**Task brief:** Pictures stay out of the copy, which must hold exactly the lines from the one containing "Before you give" through the end of the material below.

**Data below:**
┌──

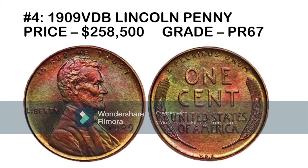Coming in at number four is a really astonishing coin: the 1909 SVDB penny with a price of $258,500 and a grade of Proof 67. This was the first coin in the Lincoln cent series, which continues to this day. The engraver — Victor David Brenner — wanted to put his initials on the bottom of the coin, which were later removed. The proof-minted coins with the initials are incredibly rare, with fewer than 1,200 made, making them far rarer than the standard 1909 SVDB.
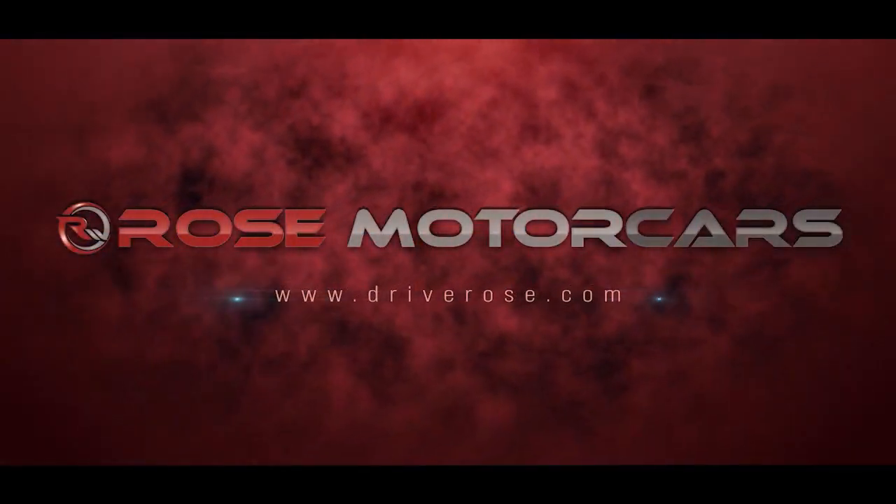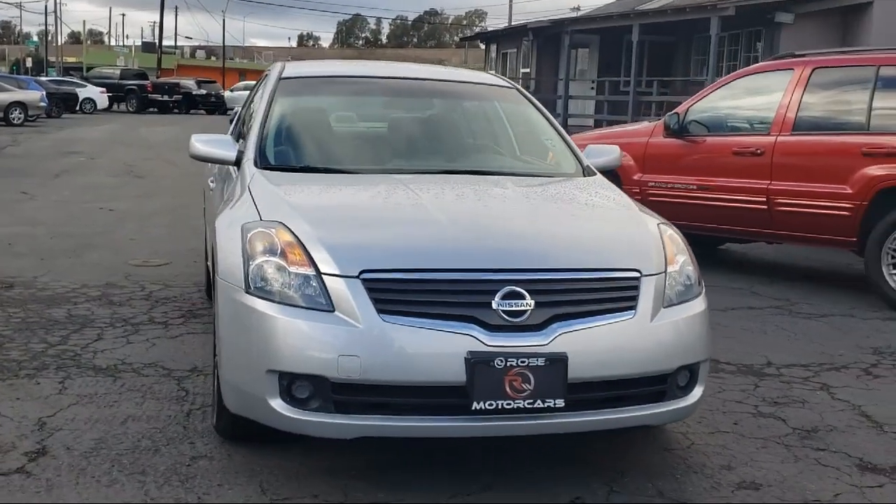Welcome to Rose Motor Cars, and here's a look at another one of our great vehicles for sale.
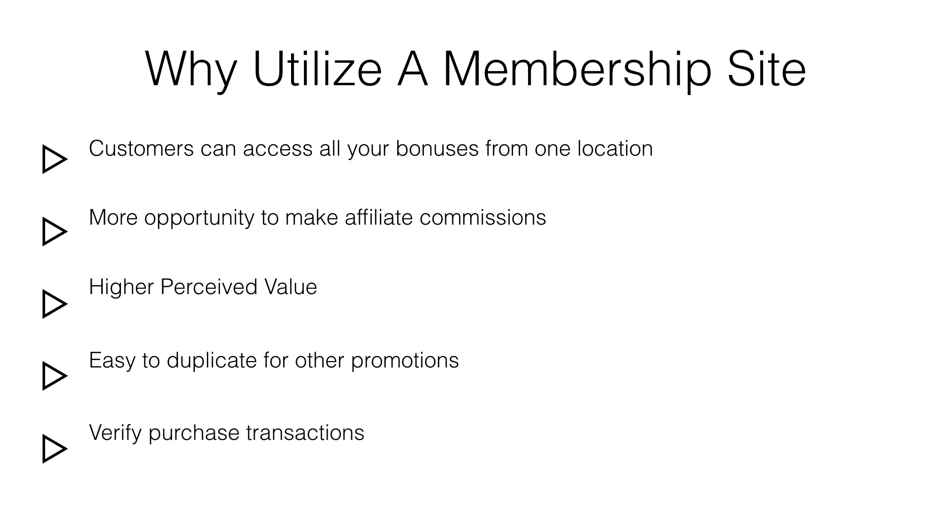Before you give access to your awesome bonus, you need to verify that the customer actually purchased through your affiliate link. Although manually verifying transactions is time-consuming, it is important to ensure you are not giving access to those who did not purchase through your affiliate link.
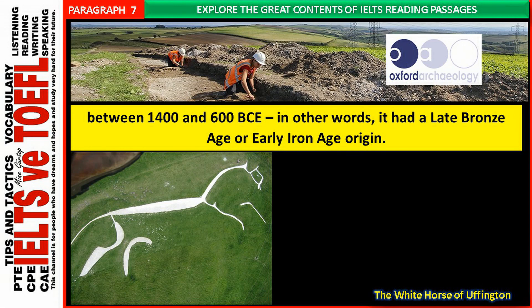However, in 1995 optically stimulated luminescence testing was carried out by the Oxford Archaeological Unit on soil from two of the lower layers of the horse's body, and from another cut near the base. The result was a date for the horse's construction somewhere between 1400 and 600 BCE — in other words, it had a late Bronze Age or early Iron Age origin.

└──

**Result of the exercise:**
Before you give access to your awesome bonus, you need to verify that the customer actually purchased through your affiliate link. Although manually verifying transactions is time-consuming, it is important to ensure you are not giving access to those who did not purchase through your affiliate link.
However, in 1995 optically stimulated luminescence testing was carried out by the Oxford Archaeological Unit on soil from two of the lower layers of the horse's body, and from another cut near the base. The result was a date for the horse's construction somewhere between 1400 and 600 BCE — in other words, it had a late Bronze Age or early Iron Age origin.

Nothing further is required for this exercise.